Given that the behaviour of PDO based connections differs in several ways to server specific connector libraries, wouldn't it be more ideal to extend the individual connector classes? E.g. SS_Database > MySQLDatabase > PDOMySQLDatabase. This would give users the ability to specify in their database connection configuration which connector they prefer to use.

We could provide a basic non-pdo wrapper in SS_Database for queries with named parameters, and provide any mysql specific parameter handling in MySQLDatabase (for PDO-less servers). PDOMySQLDatabase could then provide PDO driven implementations of all database functions.

Due to the level of code duplication that would arise from individual implementations of PDO for each database connector, PDODatabase could be implemented to encapsulate this PDO code and use dependency injection to mark this as a dependency for each of the PDOxxxxDatabase connectors.

Existing code would not need to be re-written, and the PDO and non-PDO connectors could be maintained as separate concerns. Maintaining PDODatabase as a single entity across all db connectors will ensure consistency and simplify maintenance.

The second alternative is to rewrite each class to interleave PDO and non-pdo handling code within each function, which I believe is contrary to good principles of OO design (separation of concern and single responsibility). MySQLDatabase should focus on a single mechanism, and PDOMySQLDatabase another.

A third alternative is to use PDODatabase as a base from which connector specific connectors are extended. E.g. SS_Database > PDODatabase > PDOMySQLDatabase. Any MySQL specific code would have to be re-written and couldn't share any code with MySQLDatabase. It probably is not appropriate to inject a MySQLDatabase instance here, as the creation of additional database connections mixing PDO / regular mysql is probably going to be a mess. This implementation could work if the cost of maintaining two sets of MySQL specific functions is acceptable.

I personally prefer the first/third approach, but it seems that others chatting here are looking at the second. Opinions?

I hope I've accurately captured the options here, so at least we can agree on a direction moving forward.

silverstripe-issues commented 11 years ago

comment by: @tractorcow (tractorcow) created at: 2012-10-16


I've created an extremely basic implementation of PDOMySQLDatabase at https://github.com/tractorcow/sapphire/tree/3.0-pdo-database.

At the moment this does nothing more than provide a working alternative to MySQLDatabase using the PDO adaptor, but doesn't take advantage of prepared statements at all.

My next step is to implement the above features using this as a base. Before I accept this ticket could someone please review my work so far and give me some feedback?

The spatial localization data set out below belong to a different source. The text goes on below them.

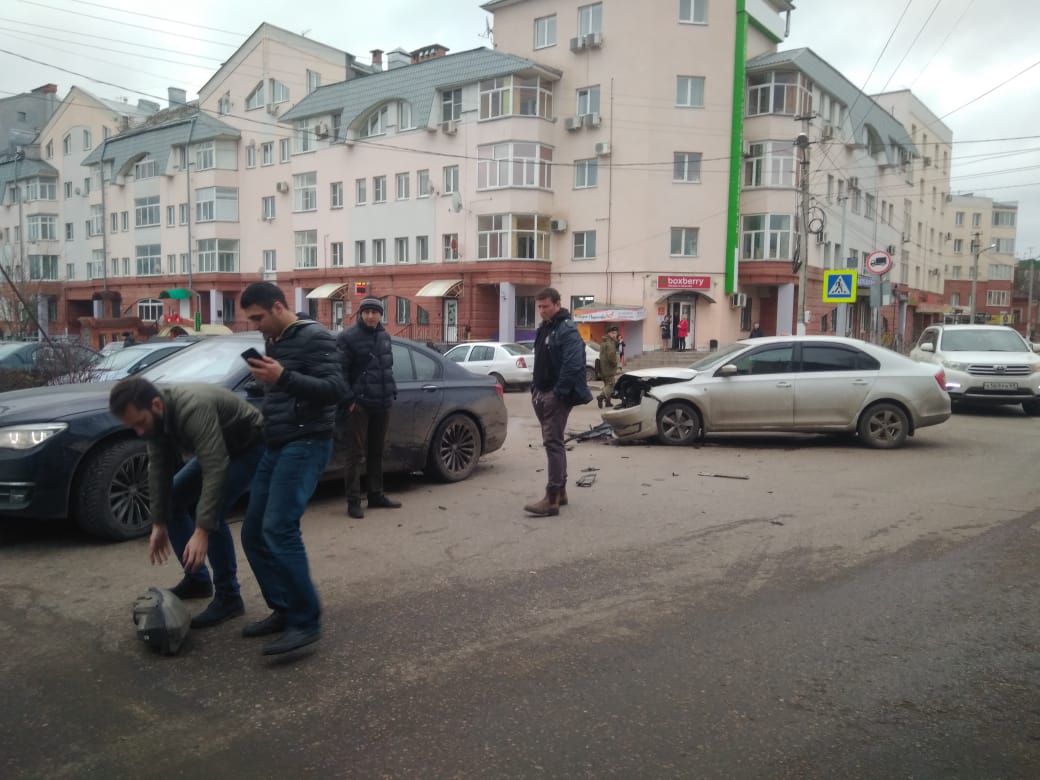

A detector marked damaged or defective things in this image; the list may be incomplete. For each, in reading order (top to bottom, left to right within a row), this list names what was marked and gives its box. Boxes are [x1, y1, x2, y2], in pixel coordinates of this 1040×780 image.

silver damaged sedan [603, 336, 952, 451]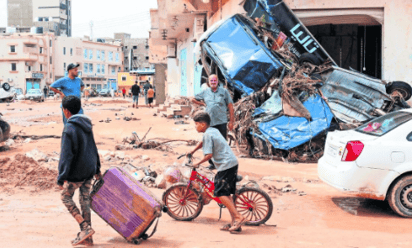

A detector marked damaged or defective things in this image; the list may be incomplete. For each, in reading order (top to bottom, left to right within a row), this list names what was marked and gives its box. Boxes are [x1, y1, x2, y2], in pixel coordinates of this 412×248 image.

destroyed blue truck [196, 0, 408, 161]
overturned vehicle [195, 0, 410, 162]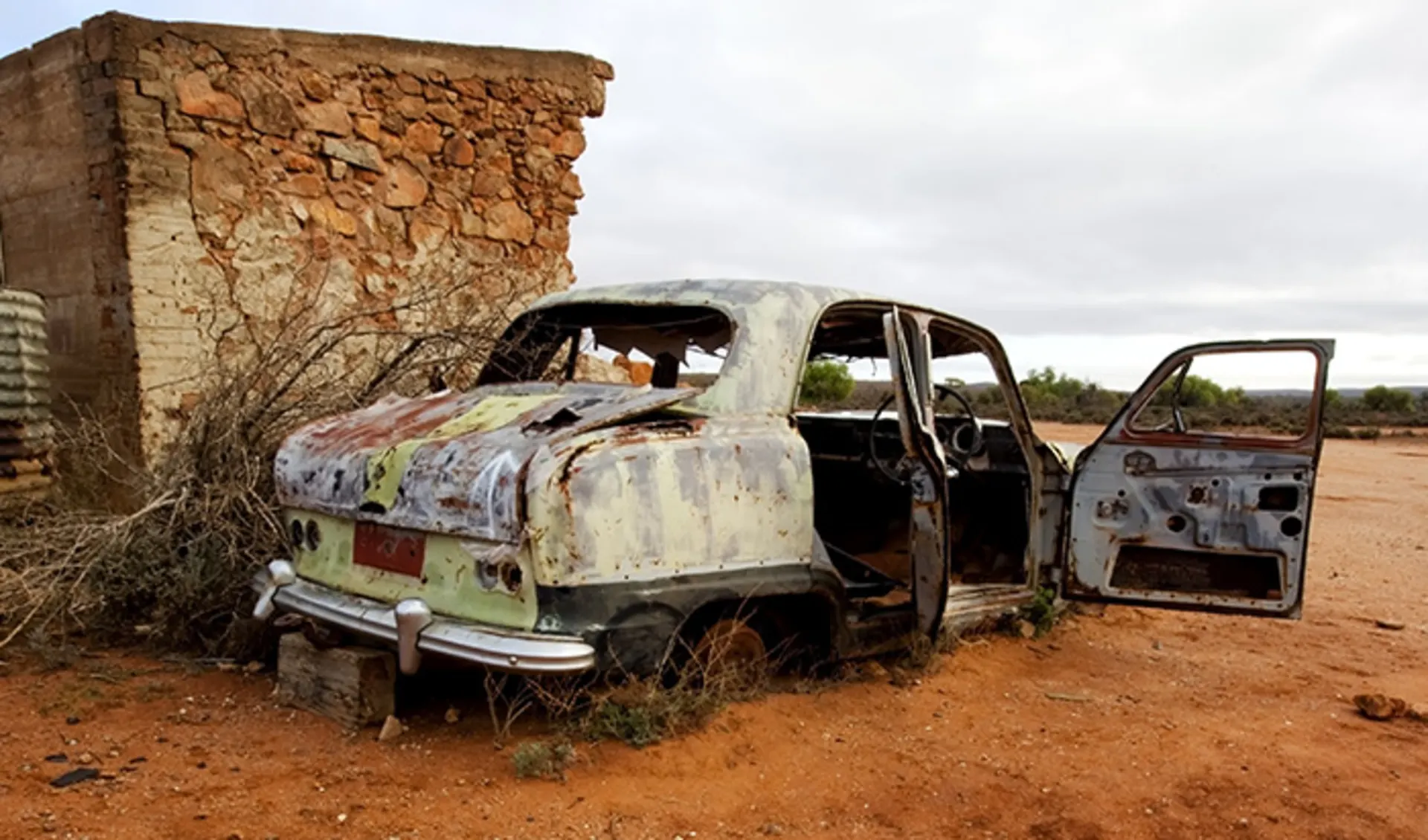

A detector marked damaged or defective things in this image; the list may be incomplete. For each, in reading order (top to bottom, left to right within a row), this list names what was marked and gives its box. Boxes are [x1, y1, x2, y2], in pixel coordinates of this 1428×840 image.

rusty corrugated iron [0, 288, 53, 499]
rusty car roof [525, 280, 868, 413]
abandoned car [251, 280, 1331, 676]
rusted car body [251, 282, 1331, 676]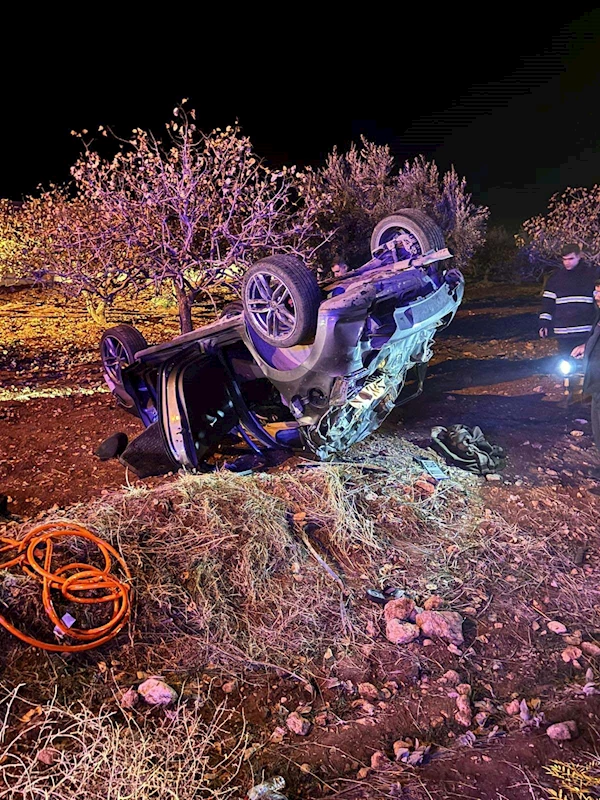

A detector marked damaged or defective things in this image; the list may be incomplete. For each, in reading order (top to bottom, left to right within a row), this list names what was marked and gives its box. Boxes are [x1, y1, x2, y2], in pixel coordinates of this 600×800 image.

silverstripe-issues commented 11 years ago

comment by: @tractorcow (tractorcow) created at: 2012-10-18


I'm going to work through another possible implementation based on some of the feedback I've received from Sam. I'm still keen on further feedback from anyone else in the mean time as I build new concepts. :)

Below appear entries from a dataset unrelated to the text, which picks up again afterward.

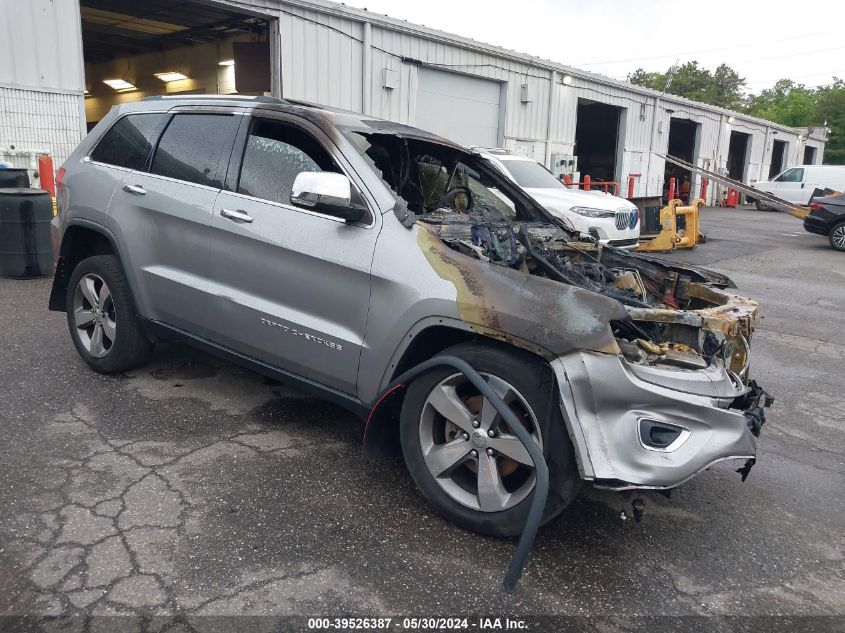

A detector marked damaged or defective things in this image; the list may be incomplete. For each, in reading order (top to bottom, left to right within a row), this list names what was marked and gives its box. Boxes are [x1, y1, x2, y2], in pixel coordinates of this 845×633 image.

burned silver suv [49, 96, 768, 536]
burned engine bay [342, 126, 760, 378]
damaged front end [422, 211, 772, 488]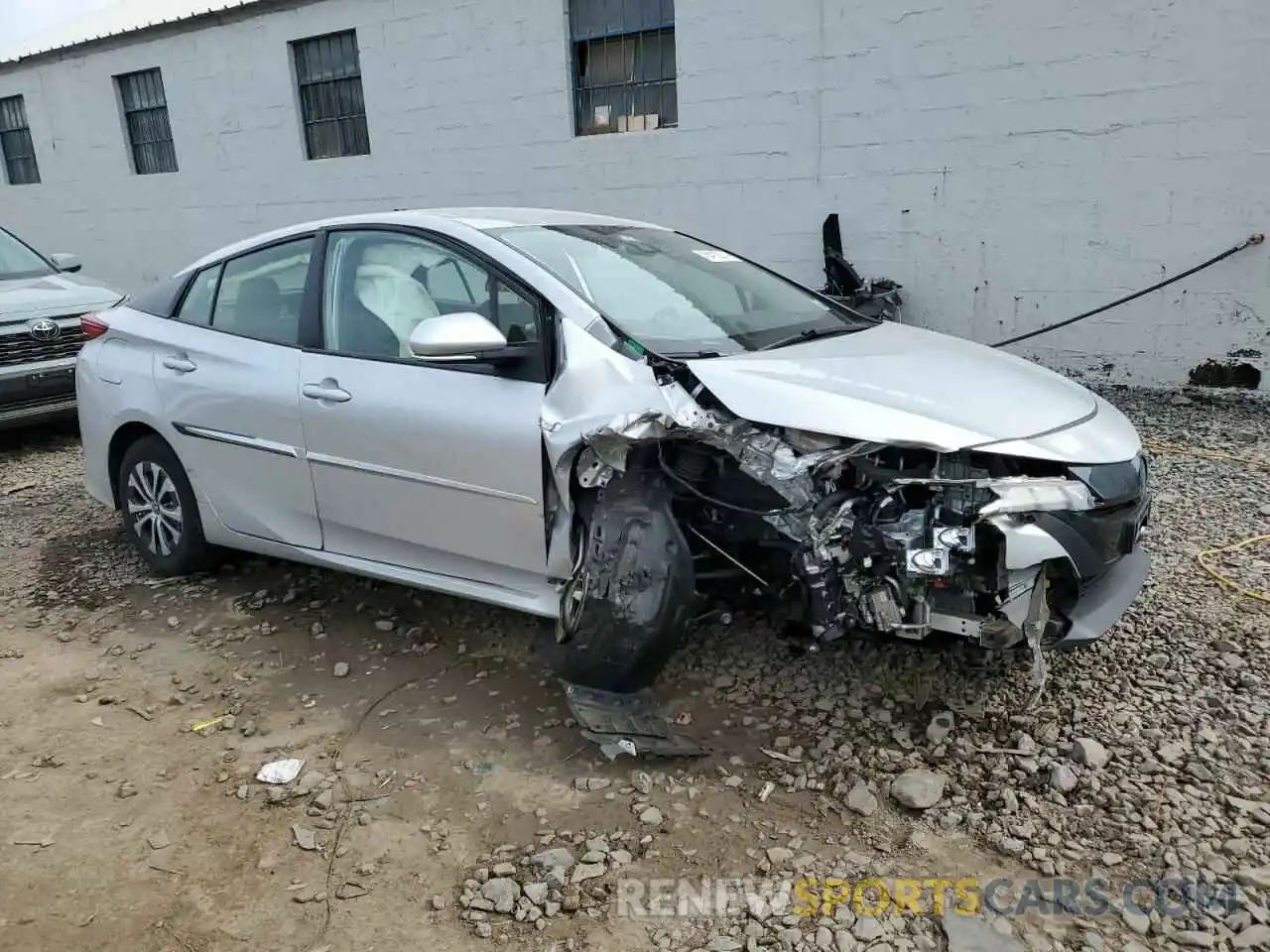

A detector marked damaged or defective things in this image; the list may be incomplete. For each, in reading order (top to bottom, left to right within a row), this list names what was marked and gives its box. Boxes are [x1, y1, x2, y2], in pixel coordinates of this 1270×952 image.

crumpled hood [0, 271, 119, 324]
crumpled hood [686, 324, 1122, 459]
detached front wheel [119, 436, 210, 578]
silver damaged sedan [76, 211, 1153, 736]
damaged tire [536, 469, 696, 695]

See https://github.com/tractorcow/sapphire/commit/d9a4a628f1e8f6d348c534eca4d9f114ea7d0199 for some discussion on the current build.

silverstripe-issues commented 11 years ago

comment by: @tractorcow (tractorcow) created at: 2012-11-06


I have still in mind a few implementation ideas for this ticket and am working slowly through them. However, my time at the moment has unfortunately become a little sparse to devote to Silverstripe contribution. If someone is available and willing to reassign this ticket to themselves then by all means do so, otherwise I'll return to this at my next available moment. I will likely be busy for the next week or two at least.

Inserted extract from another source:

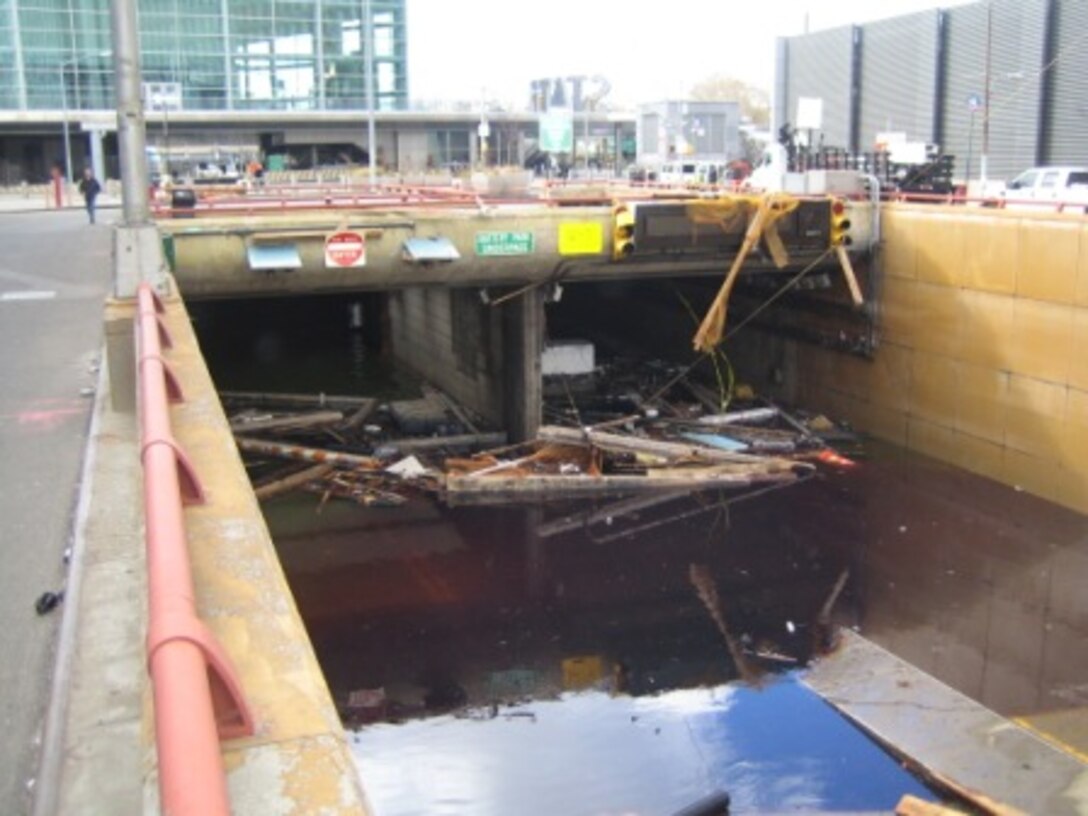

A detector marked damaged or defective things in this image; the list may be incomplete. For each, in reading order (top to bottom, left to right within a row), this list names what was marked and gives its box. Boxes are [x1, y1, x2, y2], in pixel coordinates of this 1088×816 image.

rusty steel bar [134, 282, 253, 816]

I apologise for neglecting this item, but by no means do I wish to see it stagnate. Thanks!

silverstripe-issues commented 11 years ago

comment by: @chillu (ischommer) created at: 2012-12-12


Sam, I know it (probably) won't change public facing APIs, but that sounds like quite a big change to introduce post beta. Should we unassign the milestone?

silverstripe-issues commented 11 years ago

comment by: @tractorcow (tractorcow) created at: 2013-01-30


Now that I have time again to work on this I have been working on another implementation of a database structure taking in mind the above feedback.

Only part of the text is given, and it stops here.